First, the server automatically trust any received message, using the identifier found in the message (unfortunatly called DEVICEID) to identify the sending agent. If you want to protect your inventory from rogue reports, you have to restrict access to the plugin location on your GLPI server, typically using HTTP authentication. And preferentially over HTTPS, to prevent password sniffing.

Second, some messages between the server and the agent may contain sensible informations. For instance, NetInventory tasks involves sending SNMP credentials from the server to the agent. In this case, HTTPS usage ensures proper communication encryption.

Third, some tasks are explicitely designed to make the agent execute arbitrary commands on its host. For instance, the Deploy task is used to install software on agent side. In this case, HTTPS usage ensures proper server authentication.

If none of these issues is a concern for your particular case, for instance because your network is trusted, you don’t need the additional overhead and complexity of HTTPS.

HTTPS support

HTTPS support on server side is enforced by the HTTP server, typically Apache with mod_ssl.

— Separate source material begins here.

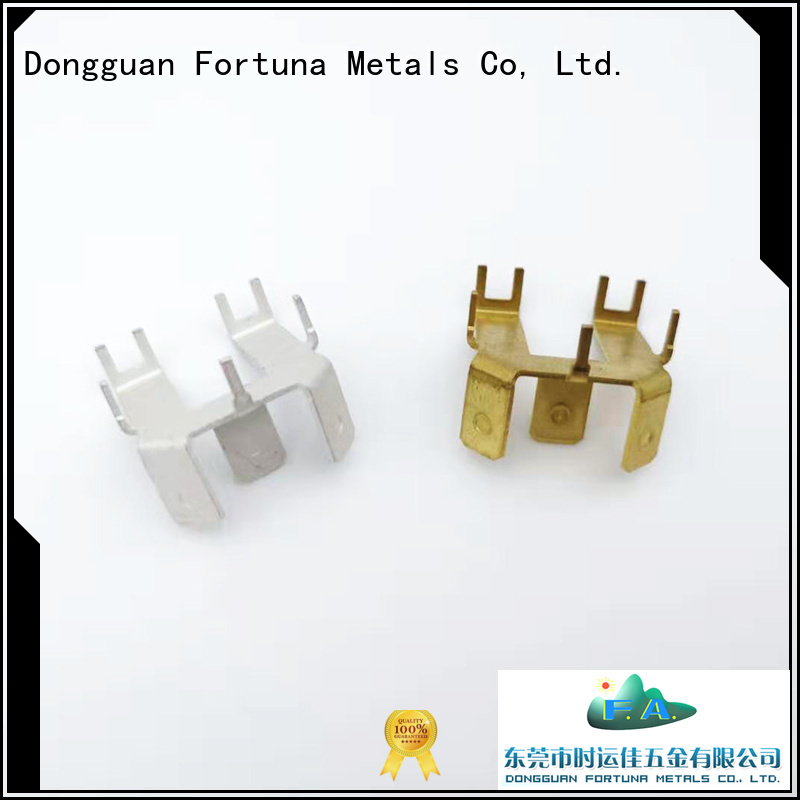 Fortuna Conector Estampado de metal Fabricantes Fabricante para dispositivos de conexión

HTTPS support on agent side relies on LWP (also known as libwww-perl), the standard Perl library for HTTP communication. This library is able to use either Crypt::SSLeay or IO::Socket::SSL perl modules transparently for HTTPS support. However, only the second one is able to perform server certificate validation. As a consequence, the agent will refuse to use HTTPS, and exit immediatly if IO::Socket::SSL is not available, unless certificate checking has been explicitely disabled, through no-ssl-check configuration parameter (or alternatively, –no-ssl-check command line option).

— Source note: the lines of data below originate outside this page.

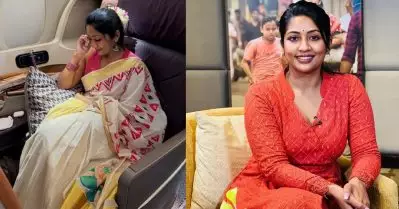 അച്ഛന്‍ സ്‌നേഹത്തോടെ തന്ന മുല്ലപ്പൂ കളയാന്‍ തോന്നിയില്ല, ഒടുക്കം അതിന് ഒന്നേകാല്‍ ലക്ഷം പിഴയടക്കേണ്ടി വന്നു: നവ്യ നായര്‍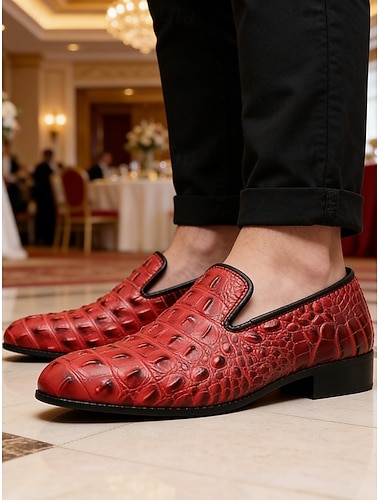  Chaussures pour homme en similicuir rouge imprimé crocodile, à enfiler, élégantes et confortables pour les occasions formelles et décontractées ainsi que les mariages.
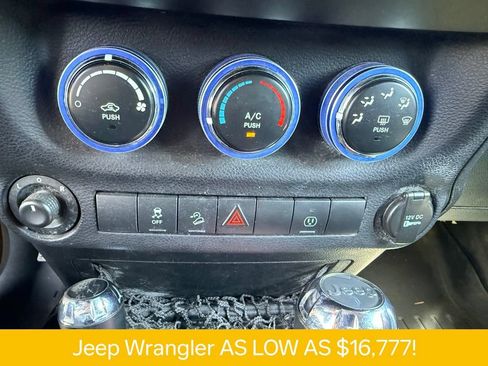 Used 2013 Jeep Wrangler Unlimited Rubicon AWD/4WD image 11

Self-signed certificate setup

If you don’t have a regular PKI to deliver trusted SSL certificates, here is how to quickly create a self-signed certificate, and use it to (moderatly) secure your setup.

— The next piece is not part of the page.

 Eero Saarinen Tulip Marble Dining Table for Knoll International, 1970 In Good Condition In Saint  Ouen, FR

The following command generate a key and a self-signed certificate, valid for two years:

$> openssl req -new -newkey rsa:2048 -days 730 -nodes -x509 -keyout server.key -out server.crt
Generating a 1024 bit RSA private key
......++++++
...............++++++
writing new private key to 'server.key'
-----
You are about to be asked to enter information that will be incorporated
into your certificate request.
What you are about to enter is what is called a Distinguished Name or a DN.
There are quite a few fields but you can leave some blank
For some fields there will be a default value,
If you enter '.', the field will be left blank.
-----
Country Name (2 letter code) [GB]:FR
State or Province Name (full name) [Berkshire]:Ile de France
Locality Name (eg, city) [Newbury]:Paris
Organization Name (eg, company) [My Company Ltd]:
Organizational Unit Name (eg, section) []:
Common Name (eg, your name or your server's hostname) []:glpi.mycompany.com
Email Address []:
You have to ensure the exact host name in your server URL matches the certificate Common Name attribute. For instance, if your server URL is http(s)://glpi.mycompany.com/, the common name should be 'glpi.mycompany.com'.

The key, in server.key file, is the private part allowing the server to prove its identity. It should not be distributed, and be correctly protected. The certificate, in server.crt file, is the public part allowing other piece of software to check the server identity, and can be freely distributed.

Both files have to be installed on the server host, and the web server should be configured to use them. For instance, on Apache with mod_ssl:

SSLEngineOn
SSLCertificateFile /etc/pki/tls/certs/server.crt
SSLCertificateKeyFile /etc/pki/tls/private/server.key

The certificate file has to be installed on each agent host, and the agent should be configured to use it as certification authority, with ca-cert-file configuration parameter (or alternatively, –ca-cert-dir command line option).